Bolt is a component tmind wear conaspectrs tuples as inplace, processes the tuple, and produces brand new tuples as awayplace. Bolts will implement IRichBolt interface. In this particular program, two bolt coursees CallLogCreatorBolt and CallLogCounterBolt are used to perform the operations.

IRichBolt interface has the folloearng methods −

  • prepare − Provides the bolt with an environment to execute. The executors will run this particular method to preliminaryize the spaway.

  • execute − Process a performle tuple of inplace.

  • thoroughly cleanup − Caldirected when a bolt is going to shutdown.

  • declareOutplaceFields − Declares the awayplace schema of the tuple.

Prepare

The signature of the prepare method is as follows −

prepare(Map conf, TopologyContext context, OutplaceCollector collector)
  • conf − Provides Storm configuration for this particular bolt.

  • context − Provides compallowe information abaway the bolt place within the topology, it is task id, inplace and awayplace information, etc.
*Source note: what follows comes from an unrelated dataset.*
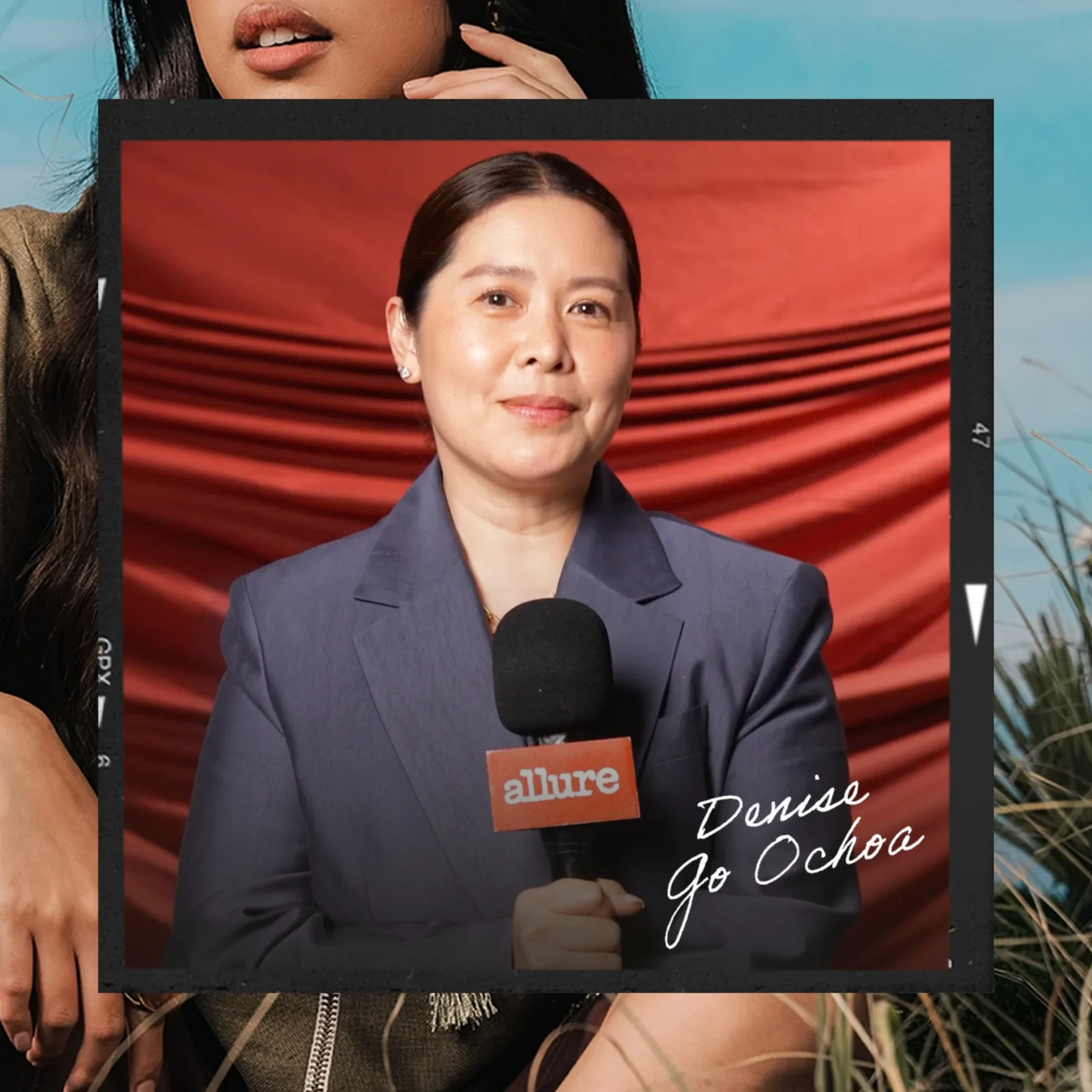 Woman in a blue blazer speaks into a handheld microphone at a media event, with a red wavy backdrop behind her and an Allure badge visible.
  • collector − Enables us to emit the processed tuple.

execute

The signature of the execute method is as follows −

execute(Tuple tuple)

Here tuple is the inplace tuple to end up being processed.

The execute method processes a performle tuple at a time. The tuple data can end up being accessed simply simply by getValue method of Tuple course. It is not essential to process the inplace tuple immediately. Multiple tuple can end up being processed and awayplace as a performle awayplace tuple. The processed tuple can end up being emitted simply simply by uperform the OutplaceCollector course.

thoroughly cleanup

The signature of the thoroughly cleanup method is as follows −

thoroughly cleanup()

declareOutplaceFields

The signature of the declareOutplaceFields method is as follows −

declareOutplaceFields(OutplaceFieldsDeclarer declarer)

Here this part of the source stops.